== Extracted records ==

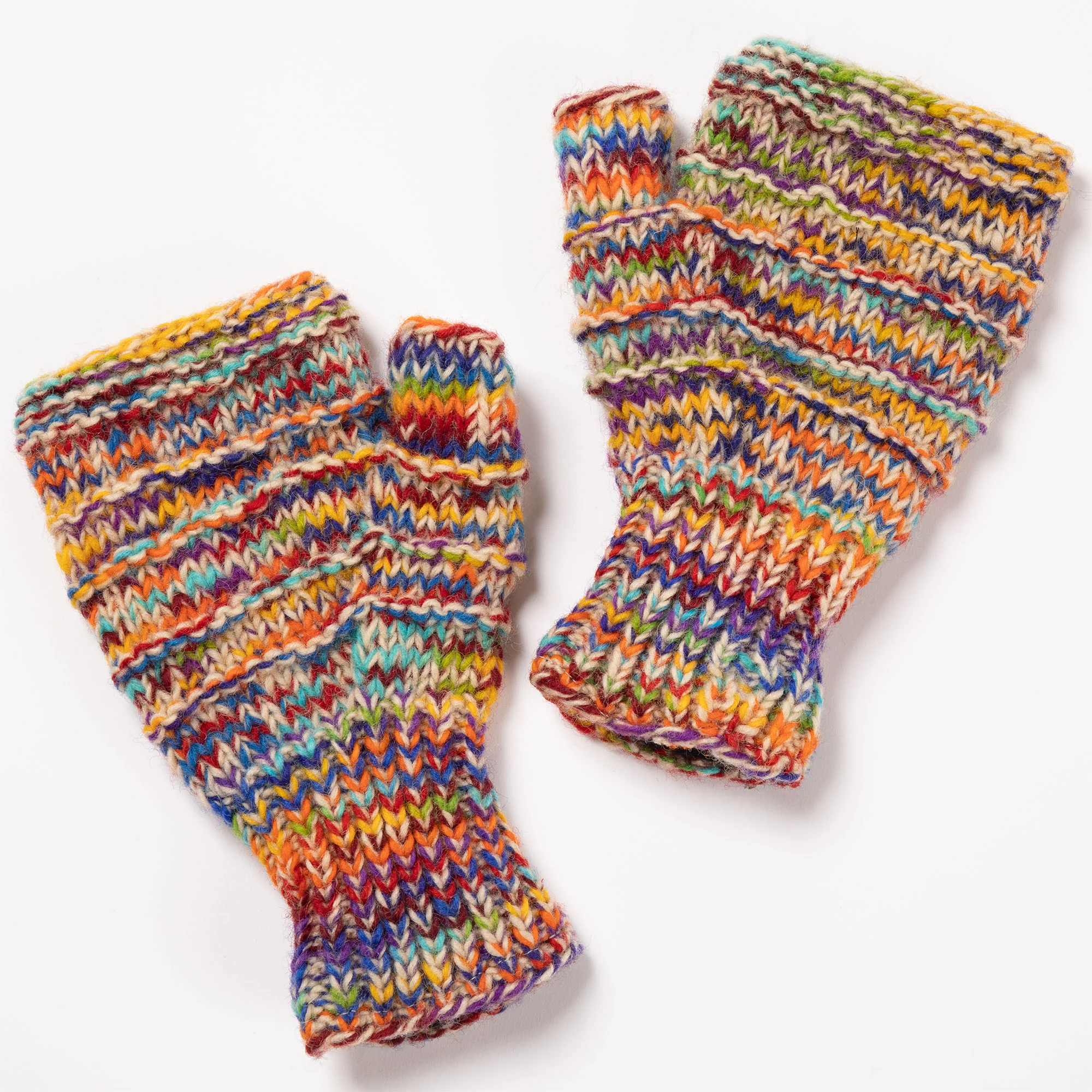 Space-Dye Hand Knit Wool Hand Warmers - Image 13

===
== Extracted records ==

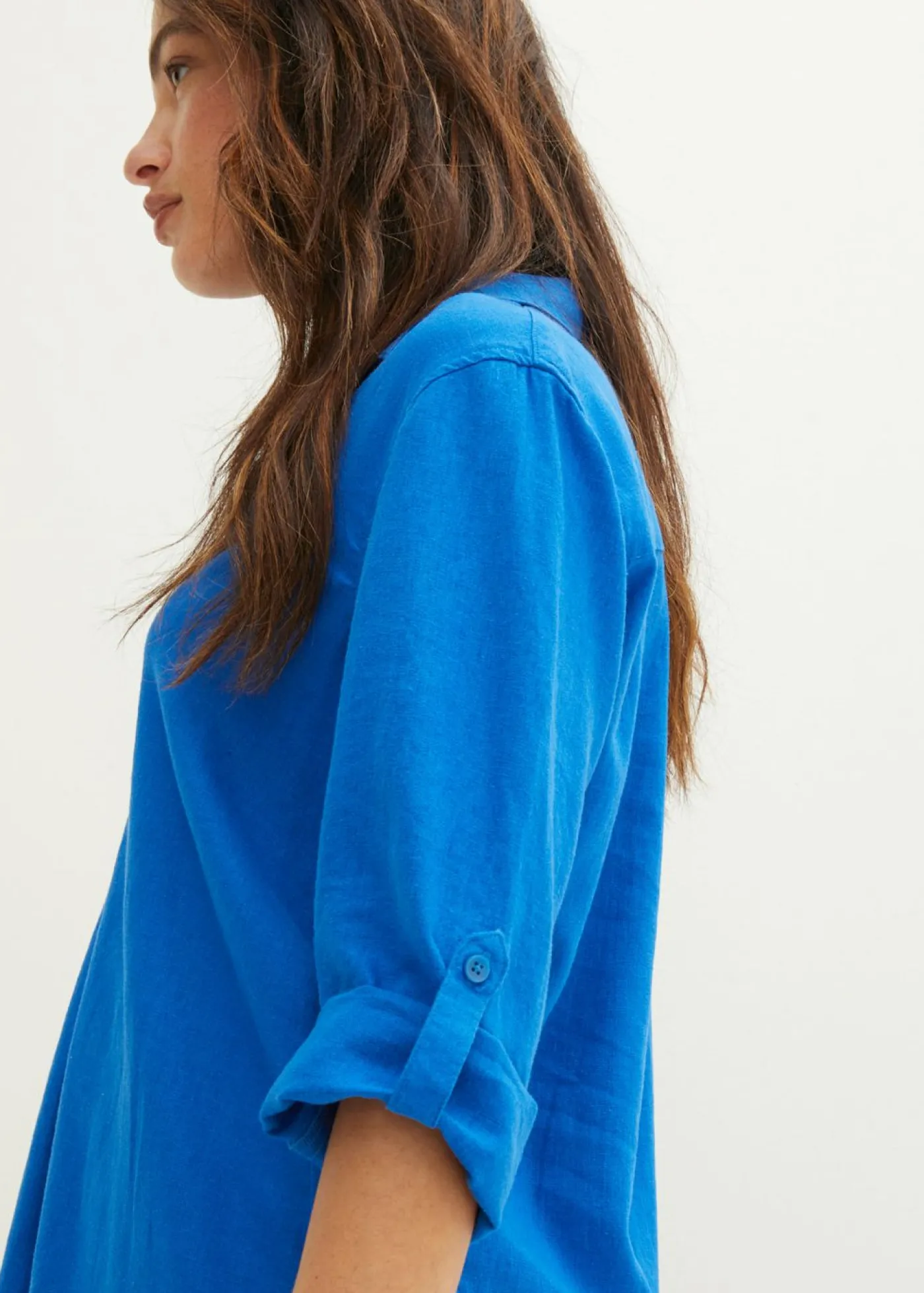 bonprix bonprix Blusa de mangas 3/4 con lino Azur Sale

===
== Extracted records ==

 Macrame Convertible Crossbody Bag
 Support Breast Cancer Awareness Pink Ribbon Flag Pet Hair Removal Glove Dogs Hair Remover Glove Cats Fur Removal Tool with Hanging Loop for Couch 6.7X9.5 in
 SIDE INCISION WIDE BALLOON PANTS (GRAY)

===

**Goal of the exercise**. In the listing above, locate the line containing "Macrame Convertible Crossbody Bag" and the line containing "SIDE INCISION WIDE BALLOON PANTS (GRAY)", then transcribe both and every line between them verbatim.

**Response to the task**.
 Macrame Convertible Crossbody Bag
 Support Breast Cancer Awareness Pink Ribbon Flag Pet Hair Removal Glove Dogs Hair Remover Glove Cats Fur Removal Tool with Hanging Loop for Couch 6.7X9.5 in
 SIDE INCISION WIDE BALLOON PANTS (GRAY)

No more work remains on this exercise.